A clear explanation of maintaining a complete binary tree inserter using level-order indexing.

Problem Restatement

We need to design a class called CBTInserter.

It is initialized with the root of a complete binary tree.

A complete binary tree has every level full except possibly the last level, and the last level is filled from left to right.

The class must support:

MethodMeaning
CBTInserter(root)Initialize with an existing complete binary tree
insert(val)Insert a new node while keeping the tree complete, and return the parent value
get_root()Return the root node

The inserted node must go into the next available position in level-order.
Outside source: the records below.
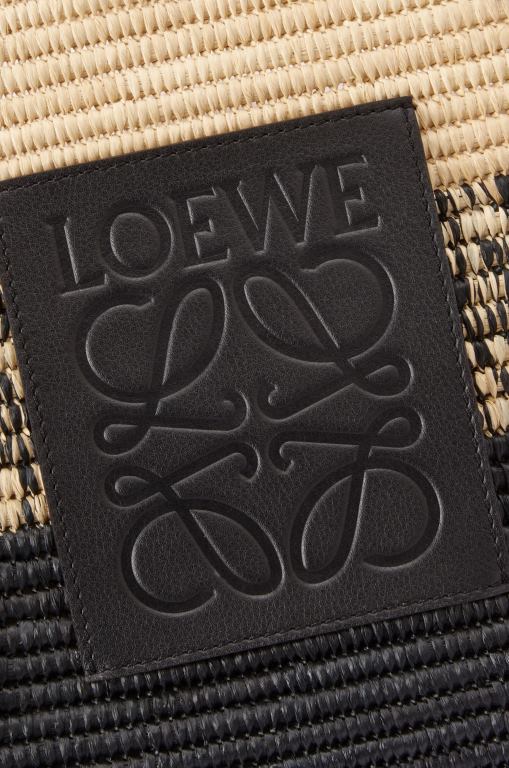 Loewe Women Square Basket bag in degrade raffia and calfskin 206XF99 Natural/Black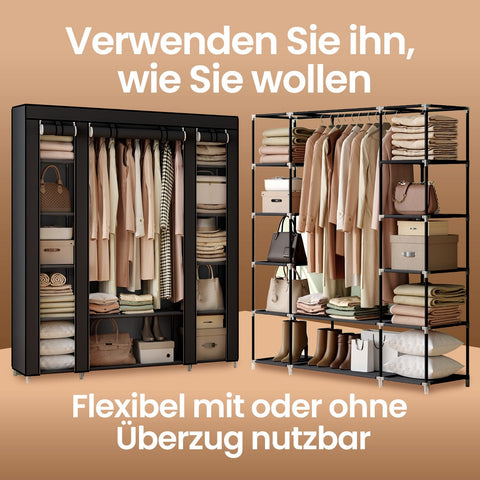 Rootz Folding Wardrobe - Fabric Cabinet - Space-Saving Storage - Dust-Free Clothes Storage - 150cm x 175cm x 45cm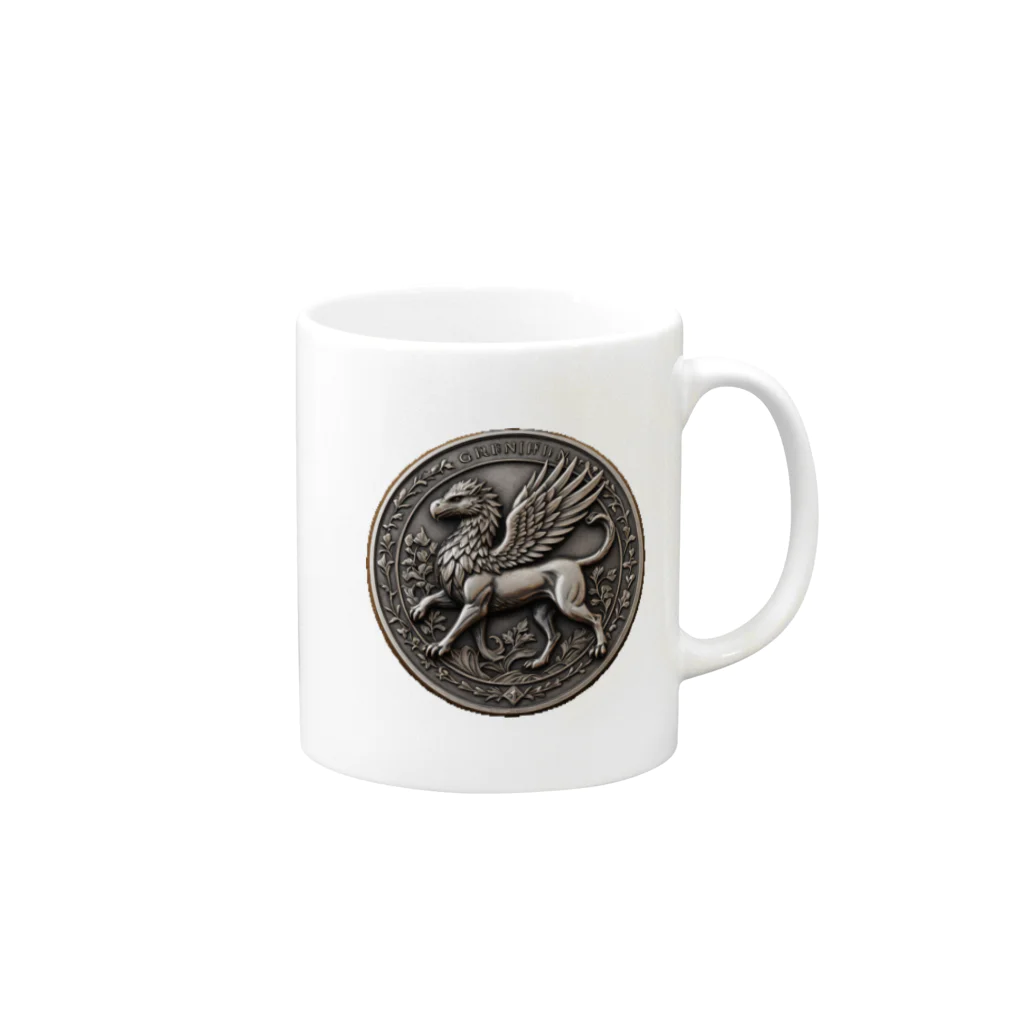 アニマル四字熟語のグリフォンメダル　griffin　デザイン Mug :right side of the handle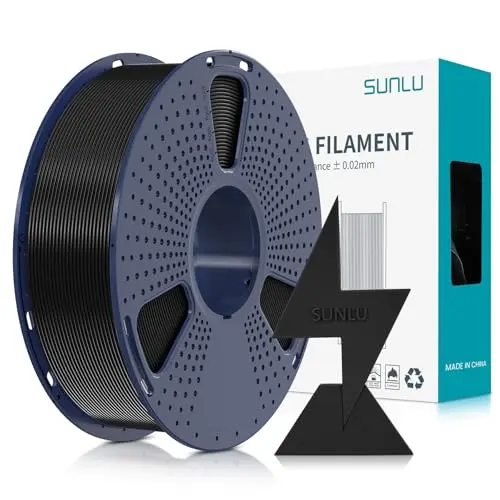 SUNLU PLA Filament 1.75mm für schnelles 3D Drucken, 1KG Spule Schwarz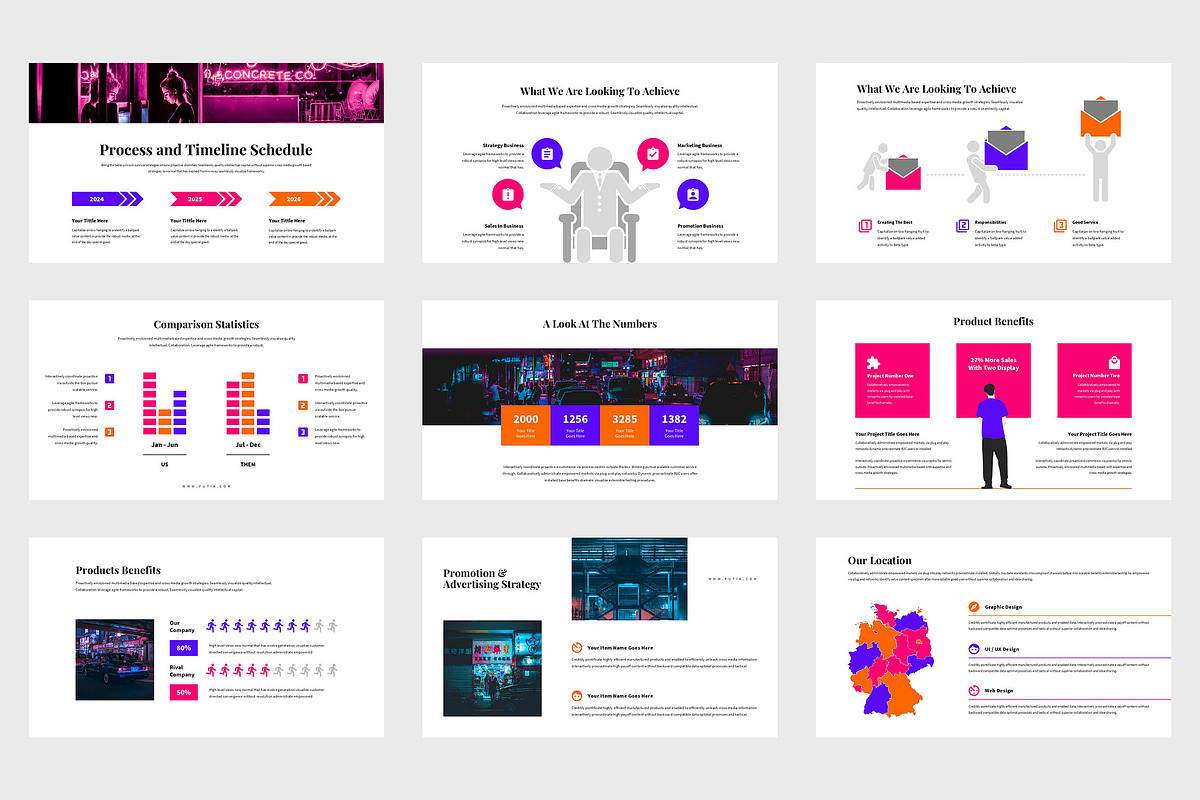 Futia : Neon Colors Google Slides, a Presentation Template by Punkl Camp (Photo 6 of 9)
The official statement defines this complete-tree insertion rule.

Input and Output

ItemMeaning
Constructor inputRoot of a complete binary tree
insert(val) inputValue for the new node
insert(val) outputValue of the parent node
get_root() outputRoot of the tree

Class shape:

class CBTInserter:

    def __init__(self, root: TreeNode):
        ...

    def insert(self, val: int) -> int:
        ...

    def get_root(self) -> TreeNode:
        ...

Examples

Example:

root = [1, 2]

cBTInserter = CBTInserter(root)

cBTInserter.insert(3)  # returns 1
cBTInserter.insert(4)  # returns 2
cBTInserter.get_root() # returns [1, 2, 3, 4]

Start:

    1
   /
  2

Insert 3.

The next open position is the right child of 1:

    1
   / \
  2   3

Return parent value:

1

Insert 4.

The next open position is the left child of 2:

    1
   / \
  2   3
 /
4

Return parent value:

2

First Thought: Search for the Next Open Node Every Time

A direct method is to run BFS every time insert is called.

The first node found with a missing child is the insertion parent.

from collections import deque

class CBTInserter:

    def __init__(self, root: TreeNode):
        self.root = root

    def insert(self, val: int) -> int:
        queue = deque([self.root])

        while queue:
            node = queue.popleft()

            if not node.left:
                node.left = TreeNode(val)
                return node.val

            if not node.right:
                node.right = TreeNode(val)
                return node.val

            queue.append(node.left)
            queue.append(node.right)

    def get_root(self) -> TreeNode:
        return self.root

This is correct but inefficient.

Each insertion may scan many nodes again.

Key Insight

A complete binary tree has the same structure as an array-based heap.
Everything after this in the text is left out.